ORIGINAL STORY: Imagine a Minecraft-style Lego game where you could build virtual worlds as you see fit.
Towns and cities big enough for thousands of Lego minifigures to live in. Towering Lego castles to defend and knock down. Oh, and thousands of phallic-shaped Lego obscenities.
And therein lies the problem.
You may not remember it, but Lego has attempted a sort-of MMO already. The ill-fated Lego Universe was a PC-based online construction game that never really got off the ground.
Lego Universe was canned before it ever received any widespread adoption - and now we know one of the reasons why.

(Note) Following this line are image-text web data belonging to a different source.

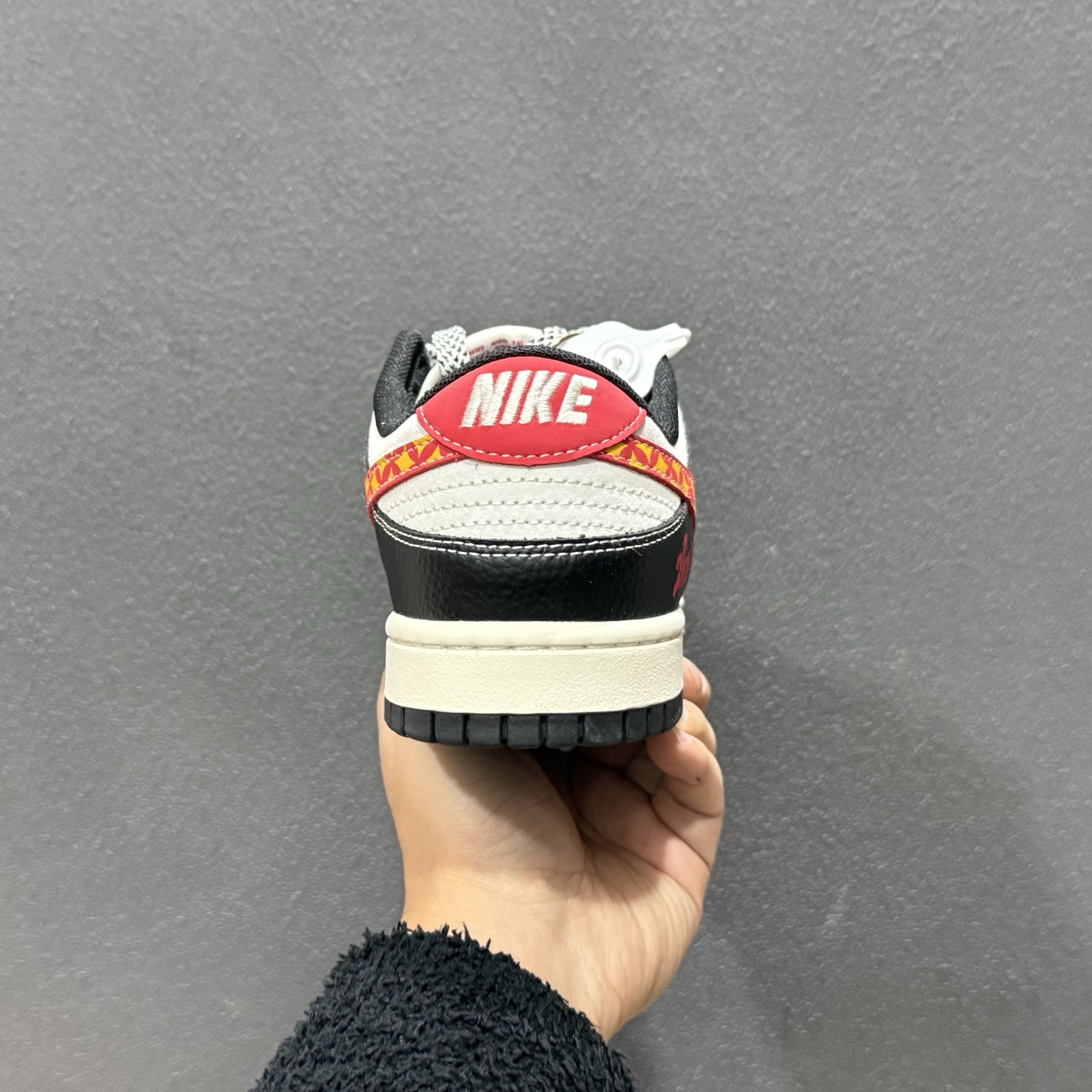 280 Nike SB Dunk Low 马年限定 米灰黑金 高端定制 低帮休闲滑板鞋 MY9969-906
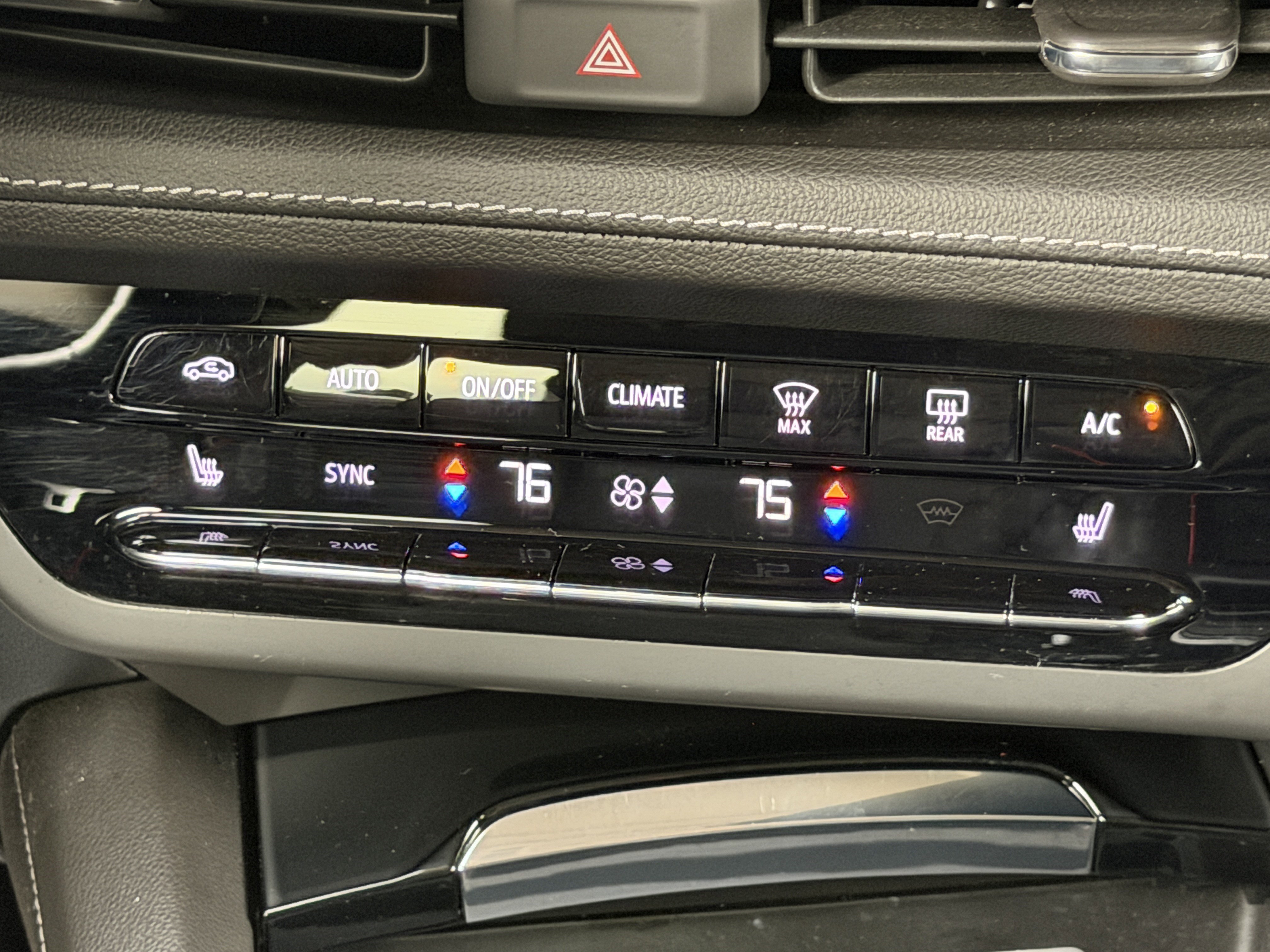 Used 2023 Buick Envision Essence w/ Sport Touring Package image 24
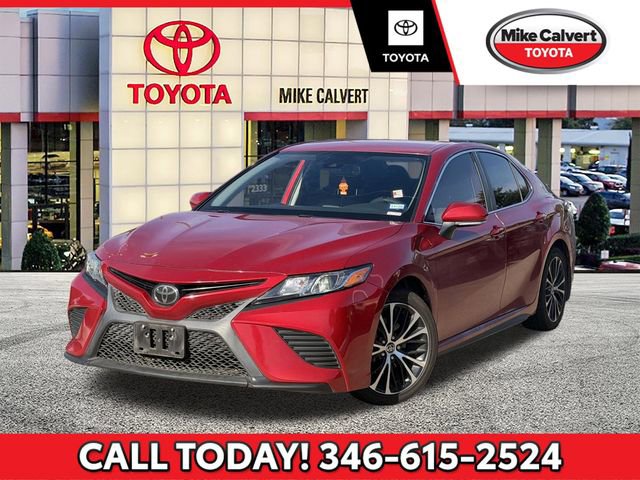 Used 2020 Toyota Camry SE w/ Convenience Package FWD image 1
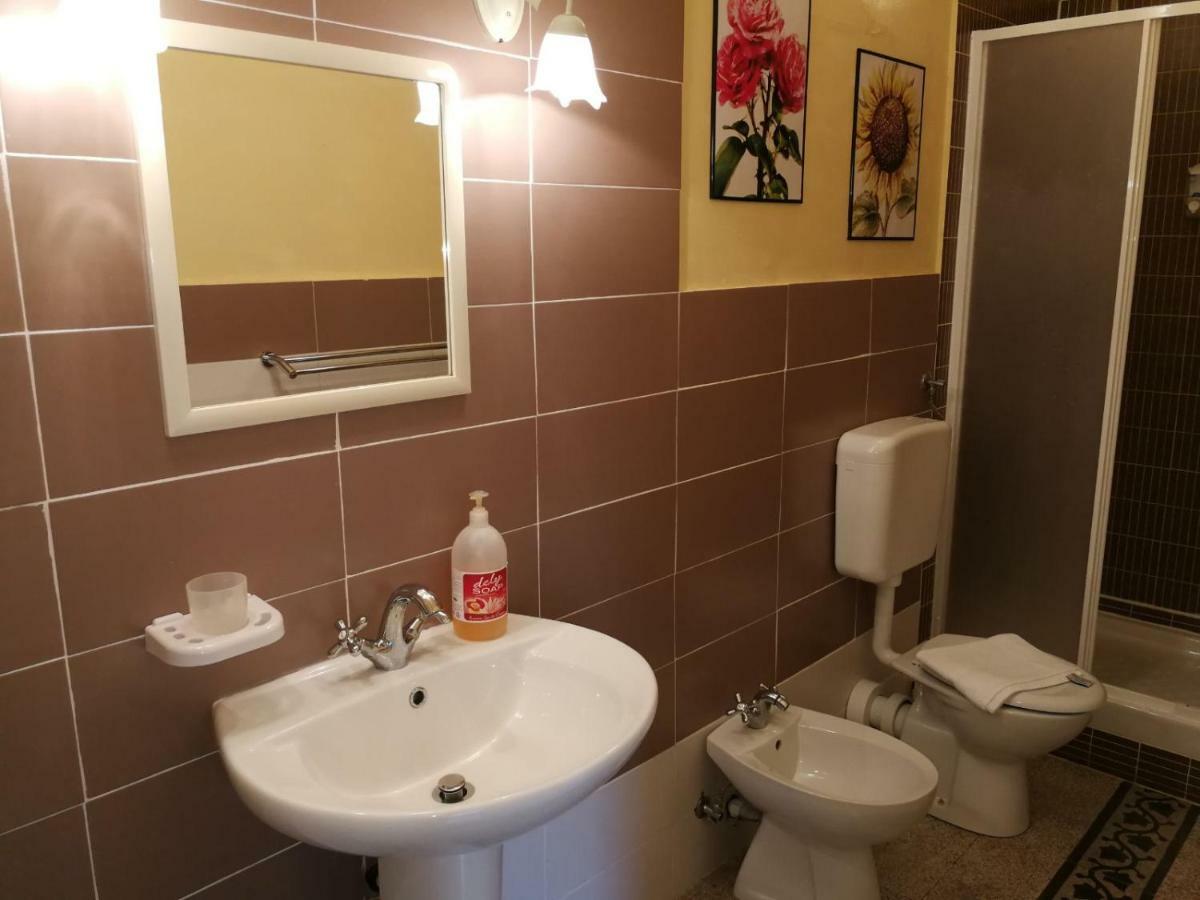 Single Room,1035895075:JPEG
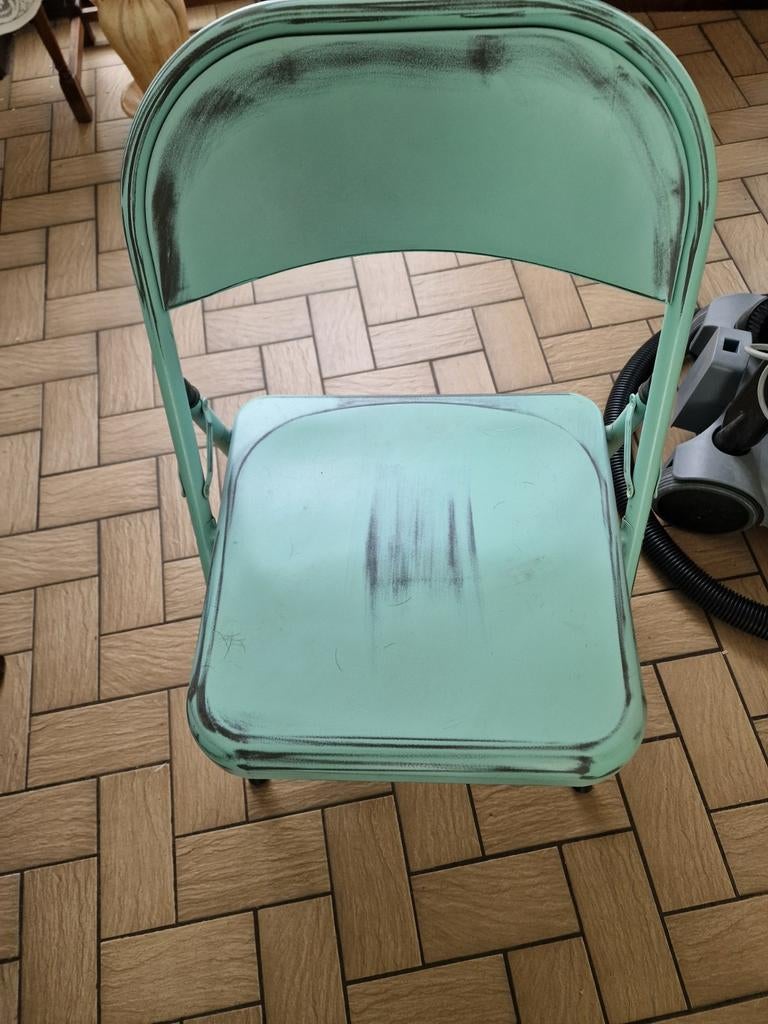 Les nouvelles chaises en fer sont peintes en vert, Enlèvement, Comme neuf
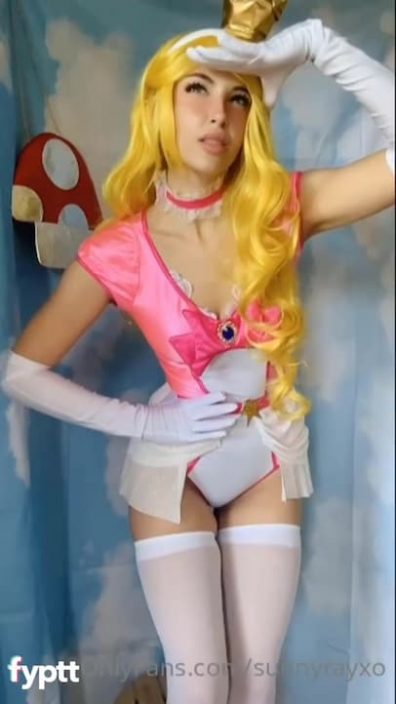 Sexy Princess Peach shows a close view of her pussy on TikTok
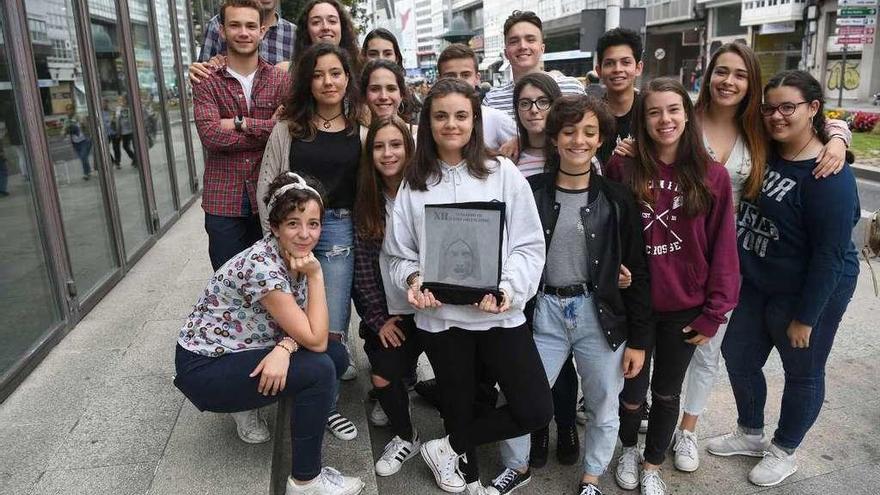 Los miembros de Noite Bohemia posan con el premio que ganaron en el Concurso de Teatro Clásico.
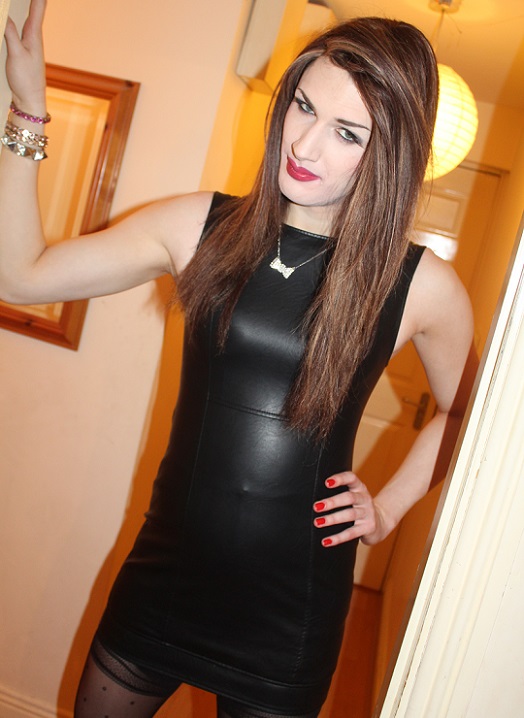 Black Leather Dress by Mezuki111 on DeviantArt Black Leather Dress by Mezuki111 on DeviantArt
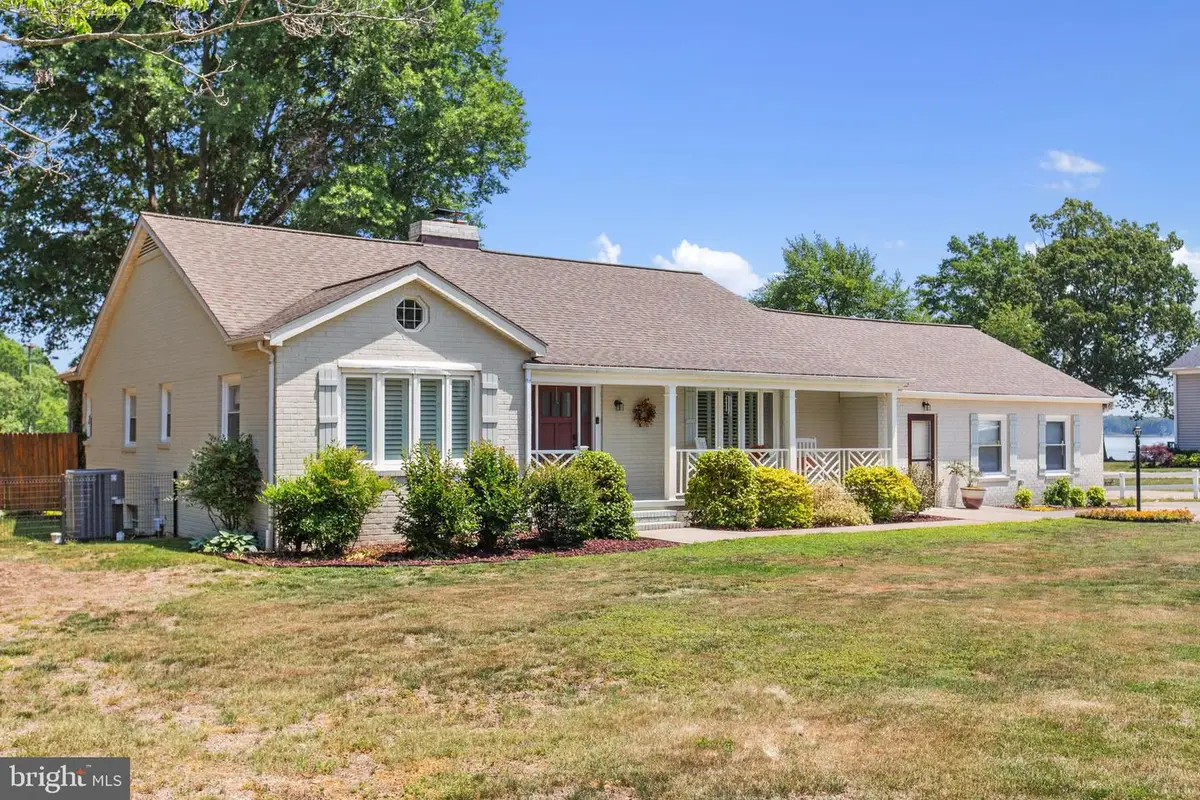 6265 Townsend Dr, King George, VA 22485 - #1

"Funny story - we were asked to make dong detection software for Lego Universe," former developer Megan Fox explained via Twitter. "We found it to be utterly impossible at any scale."
"Players would hide the dongs where the filtering couldn't see, or make them only visible from one angle / make multi-part penis sculptures.
"The moderation costs of Lego Universe were a big issue in general. They wanted a creative building MMO with a promise of zero penises seen. They actually had a huge moderation team that got a bunch of screenshots of every model, every property. Entirely whitelist-based building.
"YOU could build whatever you wanted, but strangers could never see your builds until we'd had the team do a penis sweep on it. It was all automated, but the human moderators were IIRC the single biggest cost centre for LEGO Universe's operational costs. Or close to.
"People saying 'well just allow dicks' - LEGO's brand is utterly trusted by parents. We had to uphold that trust. Which meant zero tolerance. This is all obvious, simple stuff, and is why dealing w/ [the US Children's Online Privacy Protection Act] COPPA (which protects kids) is so damn hard in online games."
These comments come amid a fresh round of rumours that Lego is set to launch a Minecraft-esque construction game of its own.
As well as its upcoming Skylanders-style Lego Dimensions project, Lego software developer TT Games is apparently working on something titled Lego Worlds.
A scan from a new Lego set instruction booklet has shown off a Minecraft-esque scene with the Lego Worlds branding and URL attached, alongside logos for TT Games and publisher Warner Bros. Interactive.
The URL as yet simply results in a 404 error, but numerous Lego video games have leaked in a similar manner.
Warner Bros. declined to comment when asked about Lego Worlds.